(Beginning of Source data)
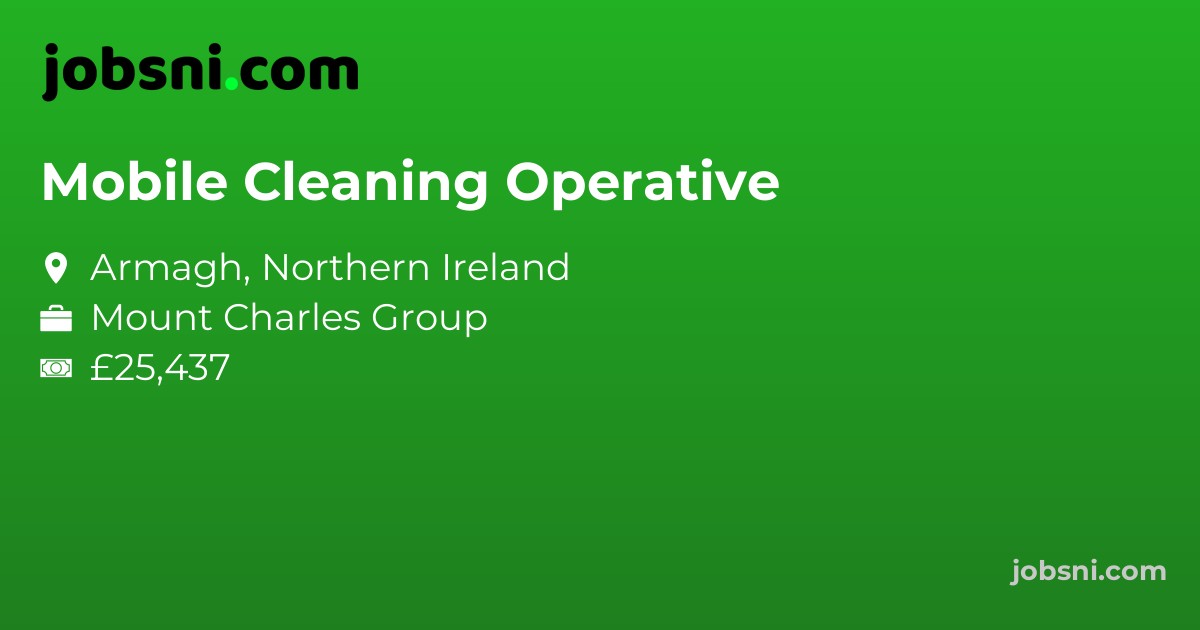 Mobile Cleaning Operative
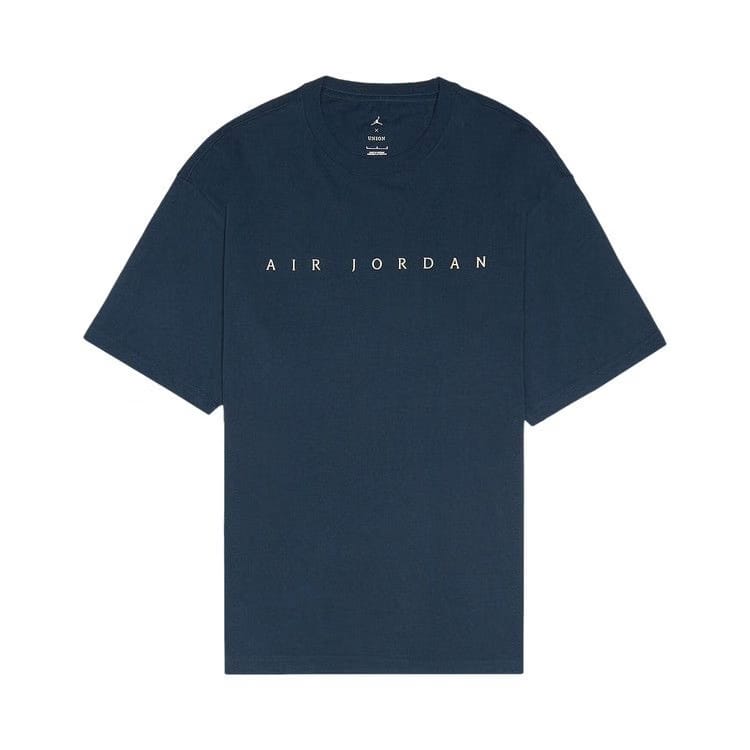 Air Jordan x Union T-Shirt College Navy/Coconut Milk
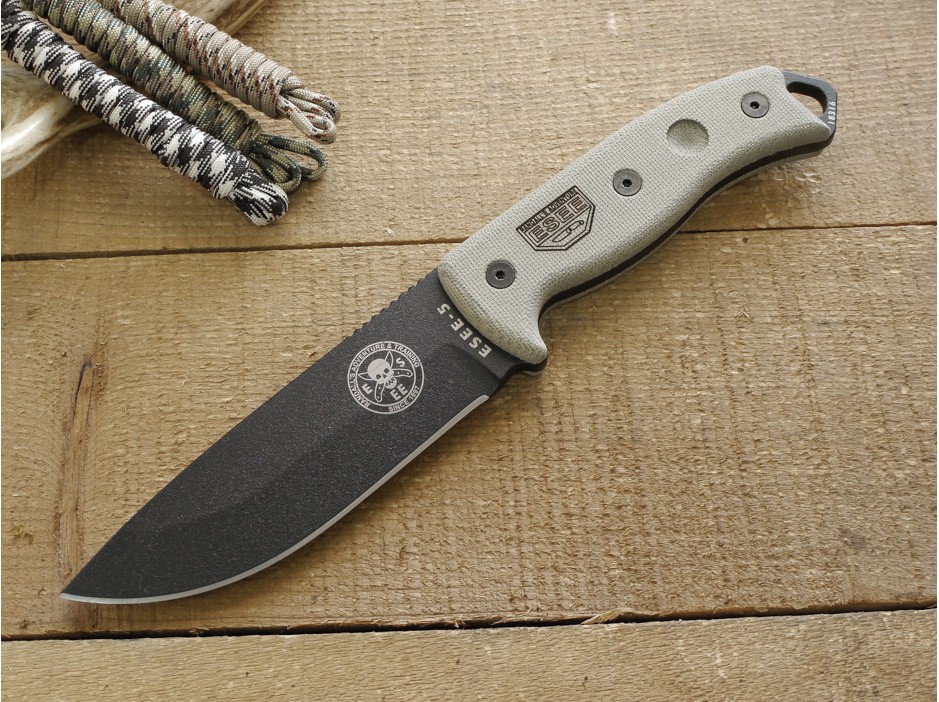 ESEE Knives: 5P ( มีดอย่างเดียว)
(End of Source data)
Task objective →
What is wanted is the listing, written out exactly, with each picture removed.

Task solution →
 Mobile Cleaning Operative
 Air Jordan x Union T-Shirt College Navy/Coconut Milk
 ESEE Knives: 5P ( มีดอย่างเดียว)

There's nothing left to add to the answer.